*PROVIDED DATA*:
**********
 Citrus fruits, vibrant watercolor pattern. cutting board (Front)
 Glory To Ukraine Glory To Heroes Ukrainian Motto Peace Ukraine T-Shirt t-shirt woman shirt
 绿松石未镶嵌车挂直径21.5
**********
*EXERCISE GOAL*:
Exactly the lines from the one with "Glory To Ukraine" through the last line of the listing above must make up your answer.

*RESPONSE TO THE TASK*:
 Glory To Ukraine Glory To Heroes Ukrainian Motto Peace Ukraine T-Shirt t-shirt woman shirt
 绿松石未镶嵌车挂直径21.5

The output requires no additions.